China’s attitude to Disney is uncertain, which reveals a kind of clash between nationalistic sentiment and the desire for American-style consumption among the growing middle class.
However, while the number of competing theme parks in China soars, it will become somehow harder to win the hearts of Chinese children and to urge their parents to spend money to fuel long-term traffic after the turnstiles start clicking on June 16.
“When we get kids now to write down their favorite cartoon character, very few put down Mickey Mouse or Donald Duck,” said Song Lei, Hong Kong-based director at Animation-Comic-Game Group, the organizer of Asia’s biggest annual fair for comics, anime and games.
“Instead it’s what is being broadcast on television, what they’re seeing in their day-to-day,” he said.
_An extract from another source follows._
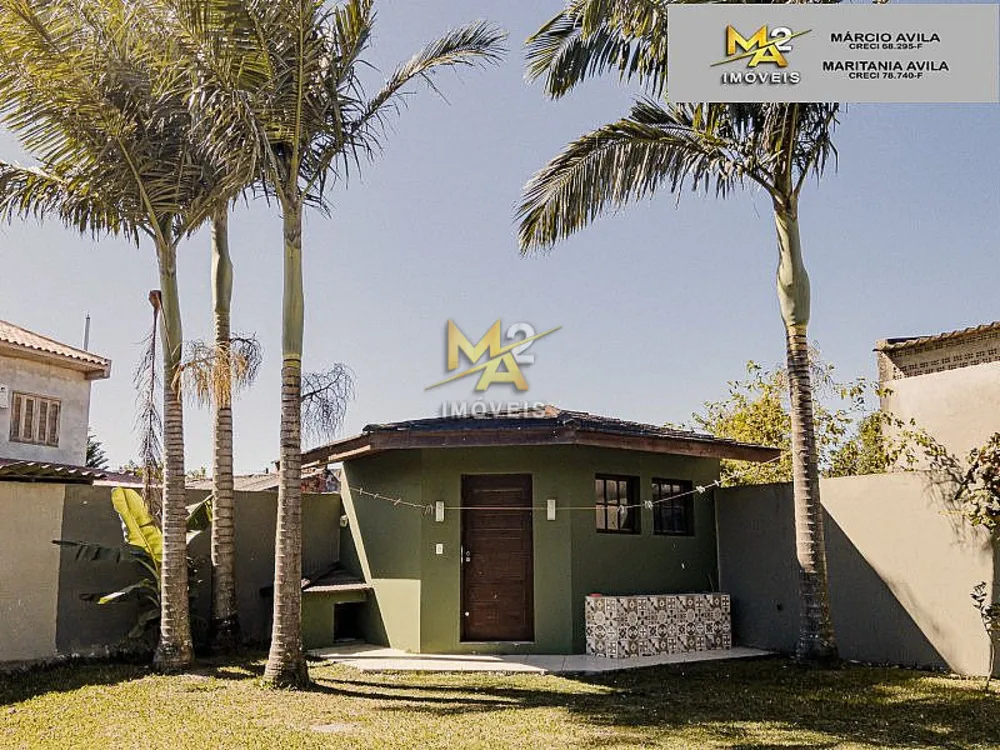 Casa, 3 quartos, 328 m² - Foto 16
That means the Boonie Bears duo and mischievous, super-powered pig GG Bond, he said.
That’s not helped by a ban on imported cartoons during the late afternoon “golden hour” peak viewing time for children.
“There are people that love Disney and those that don’t, for a variety of reasons,” said Chris Yoshii, Asia-Pacific vice president for AECOM and a member of the Themed Entertainment Association. He predicts China’s theme park market will overtake the United States in the “not too distant future”.
But that’s by no means all Disney.
About 2,500 parks are planned in China, including Japanese brand Hello Kitty, and there is already a “Dwarf Empire” in Yunnan.